Data entries:
________________

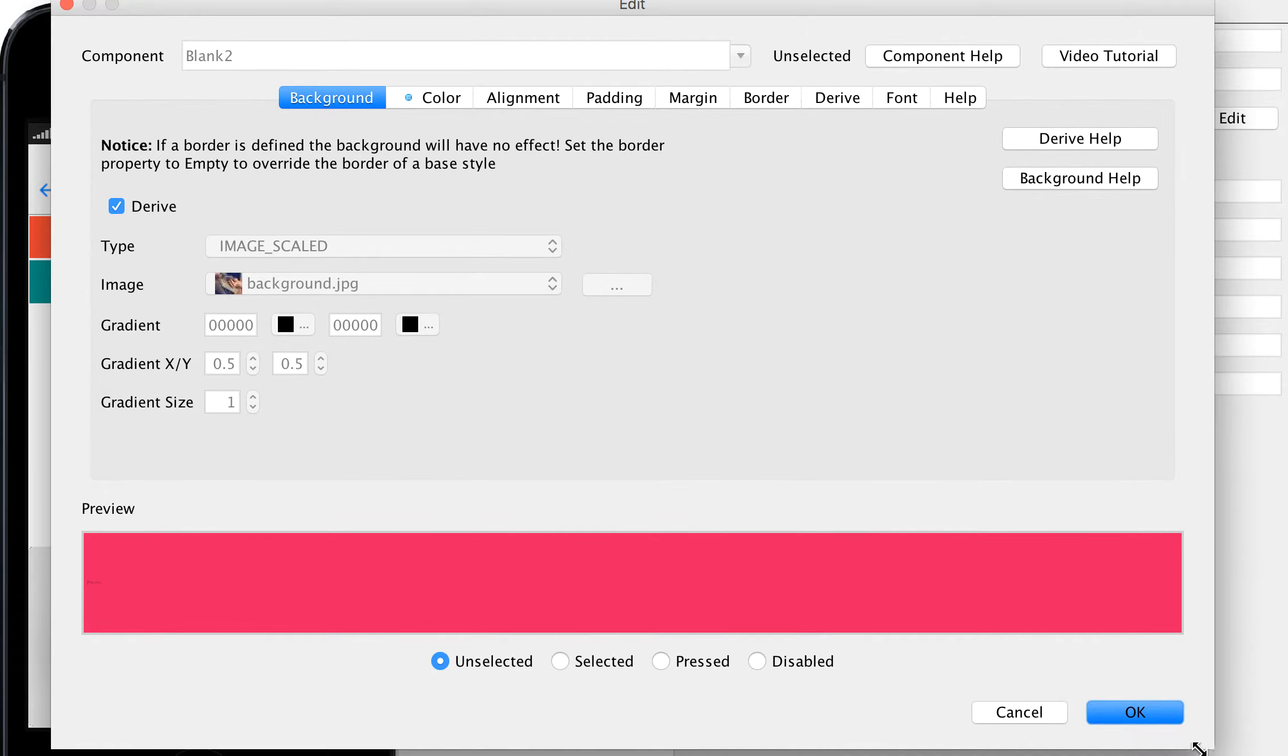Like let's use blue, so I'll pick this color. And I can do it for unselected, selected, pressed, disabled—anything I can change.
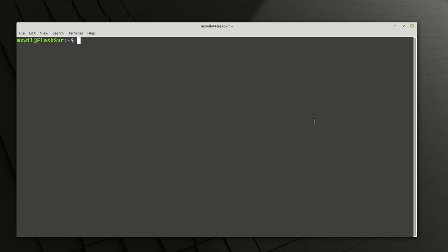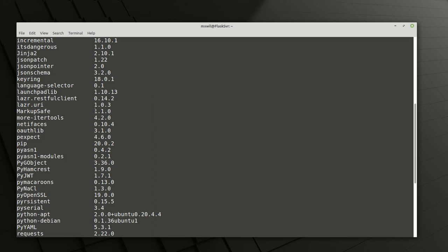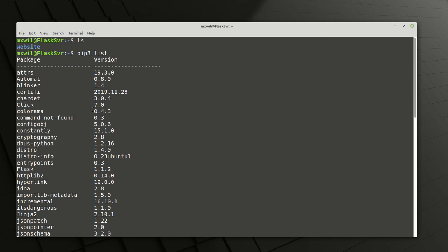We were talking about putting all of our files and folders into a virtual environment. Let me just do an `ls` to list what we have so far. As you can see we have our website folder. Let's do `pip3 list` — this is a global instance of all the packages we have installed with pip. You'll see all the packages installed on my system. I'm using Ubuntu Server 20.04.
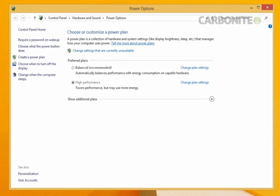This is the power options properties window. Under select a power plan, click change plan settings for whichever plan you have selected. You can tell by the filled in radio button.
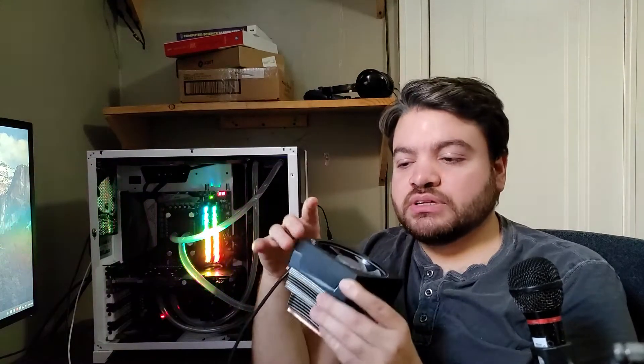This is the Wraith Prism, I believe, and it has a lot of RGB and other things, but to be honest, I'm not the biggest fan of this cooler. A lot of people have given this cooler a lot of praise, and rightly so because it comes free in the box with these CPUs.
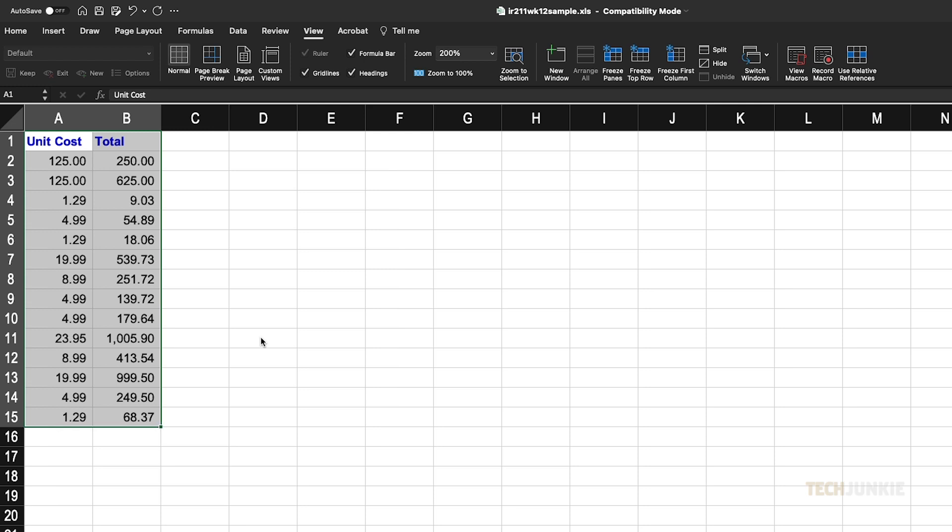Should it suit you better, feel free to paste in cell formatting before pasting in values from here on out.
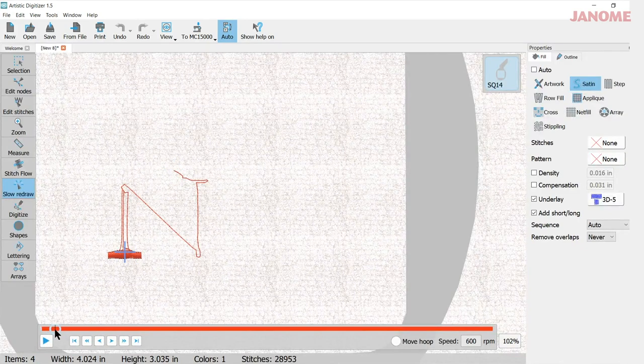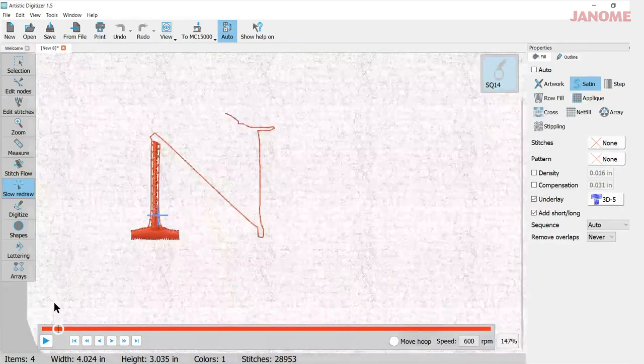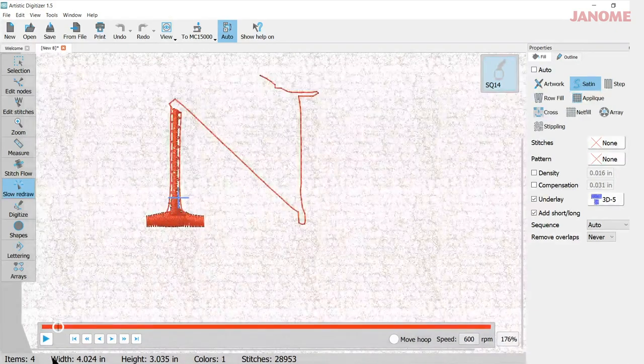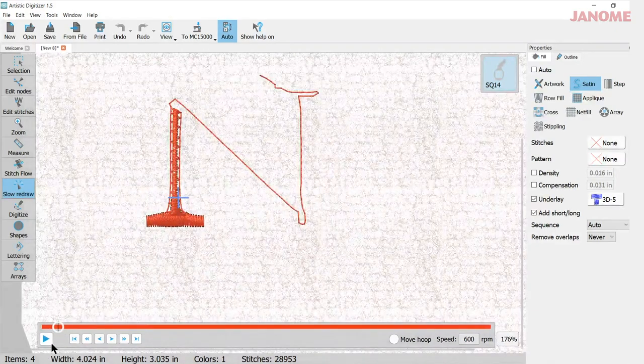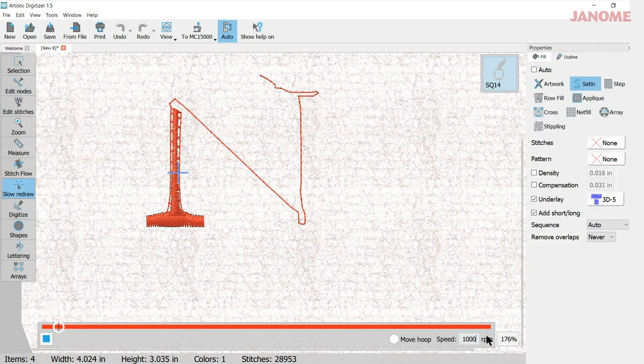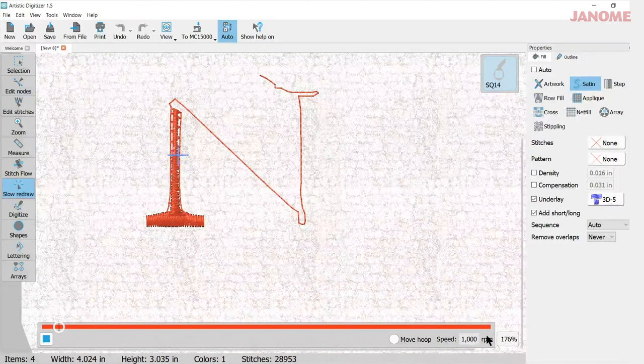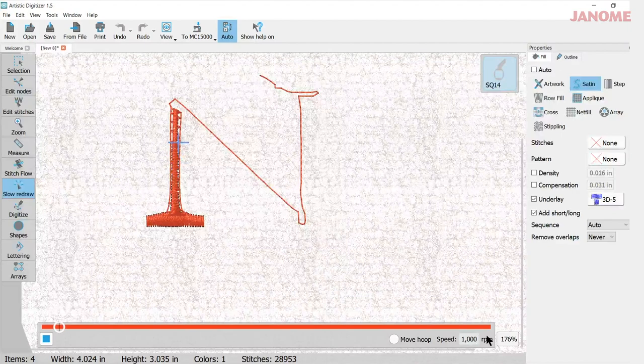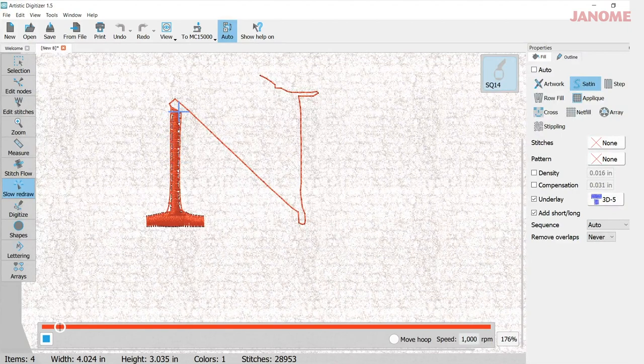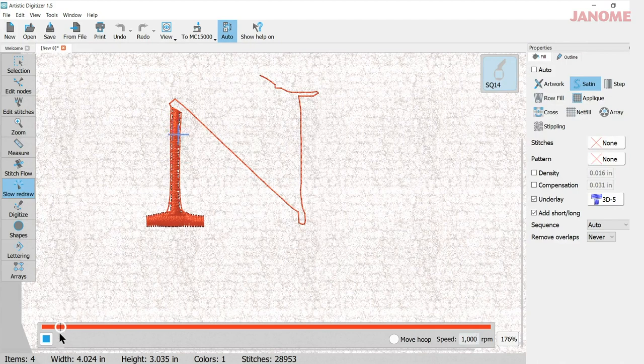Here we go. Let me just scroll in better. So it's made one pass. It's going back up, making another, and it'll keep going up and down there until it fills in the whole section before it moves on to the middle.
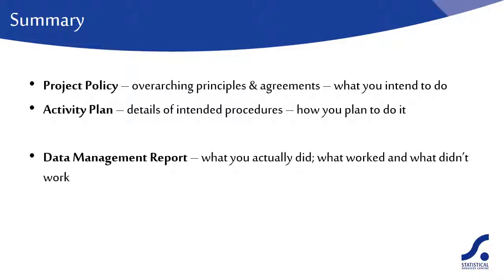Then, towards the end of the project or activity, it's a good idea to produce a data management report. This would detail what you actually did, what worked and what didn't work.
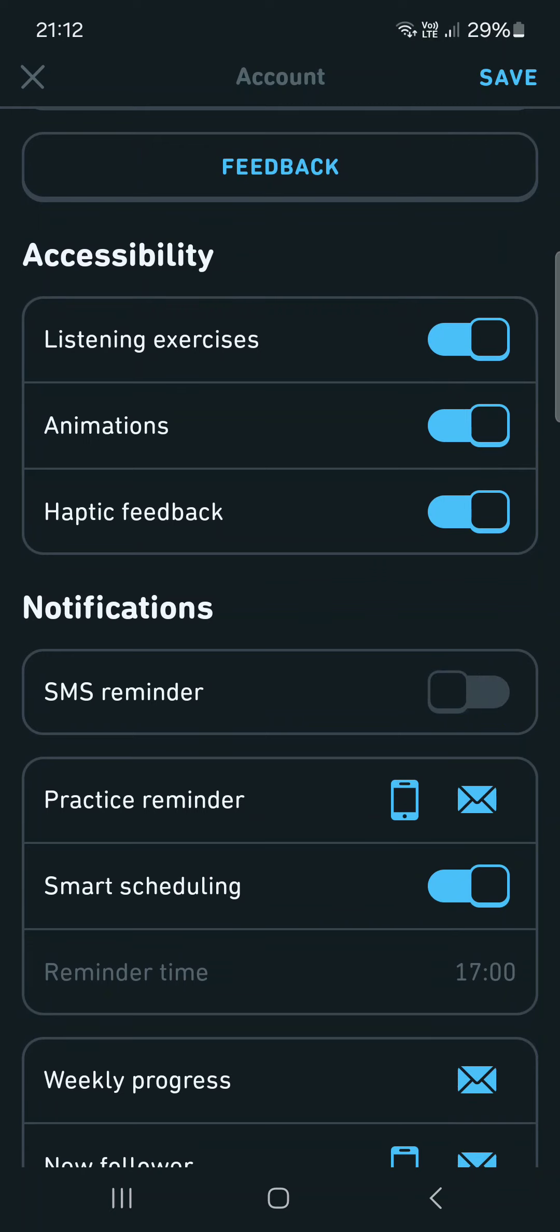And if we tap on this, we can just turn this off. And then if we tap on it again, we can turn this back on.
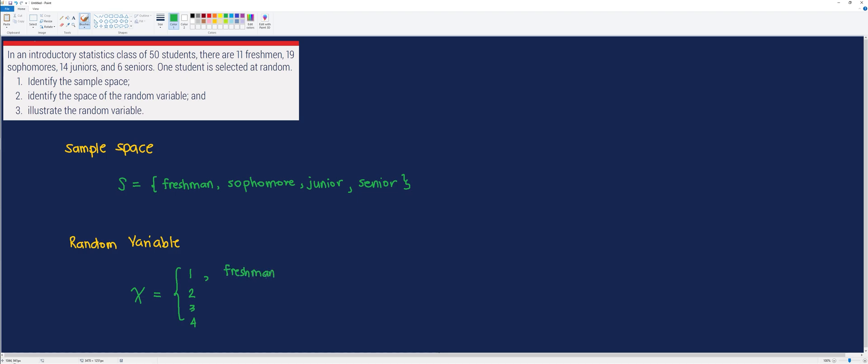to represent the outcomes freshman, sophomore, junior, and senior, respectively.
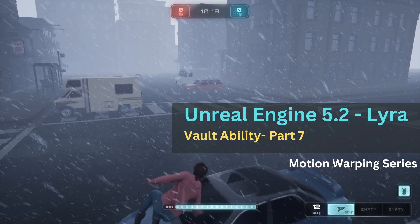In this video, I will show how we can use this vaulting system in a real-time scenario. I have created a city scene using a few marketplace assets which are free.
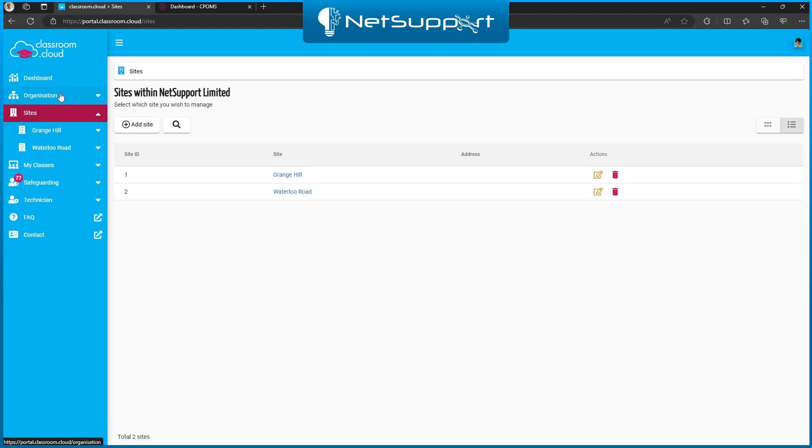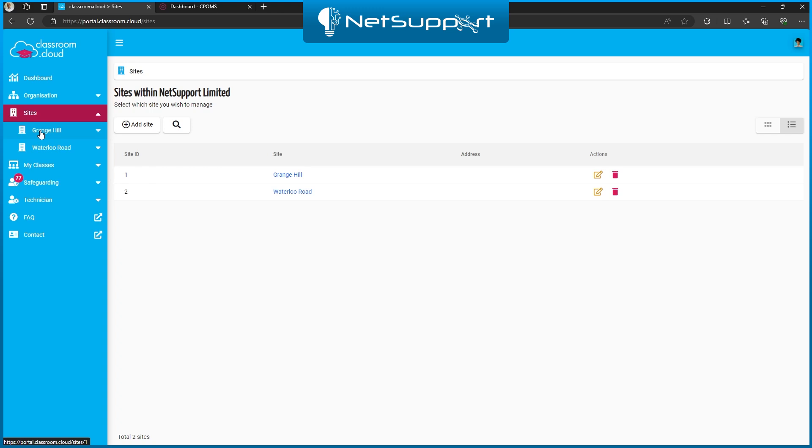The one you're going to select depends on your setup. If you're a single school or managing multiple schools that all feed into the same CPOMS environment, I'd recommend using the organization level settings. However, if you're managing multiple schools and they've each got their own individual CPOMS environment, then you want to set the settings at an individual school level.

________________

What is required:
From the first line above to the line containing "to represent the", repeat each line exactly. Pictures stay out.

The completed task:
Like let's use blue, so I'll pick this color. And I can do it for unselected, selected, pressed, disabled—anything I can change.
We were talking about putting all of our files and folders into a virtual environment. Let me just do an `ls` to list what we have so far. As you can see we have our website folder. Let's do `pip3 list` — this is a global instance of all the packages we have installed with pip. You'll see all the packages installed on my system. I'm using Ubuntu Server 20.04.
This is the power options properties window. Under select a power plan, click change plan settings for whichever plan you have selected. You can tell by the filled in radio button.
This is the Wraith Prism, I believe, and it has a lot of RGB and other things, but to be honest, I'm not the biggest fan of this cooler. A lot of people have given this cooler a lot of praise, and rightly so because it comes free in the box with these CPUs.
Should it suit you better, feel free to paste in cell formatting before pasting in values from here on out.
Here we go. Let me just scroll in better. So it's made one pass. It's going back up, making another, and it'll keep going up and down there until it fills in the whole section before it moves on to the middle.
Then, towards the end of the project or activity, it's a good idea to produce a data management report. This would detail what you actually did, what worked and what didn't work.
And if we tap on this, we can just turn this off. And then if we tap on it again, we can turn this back on.
to represent the outcomes freshman, sophomore, junior, and senior, respectively.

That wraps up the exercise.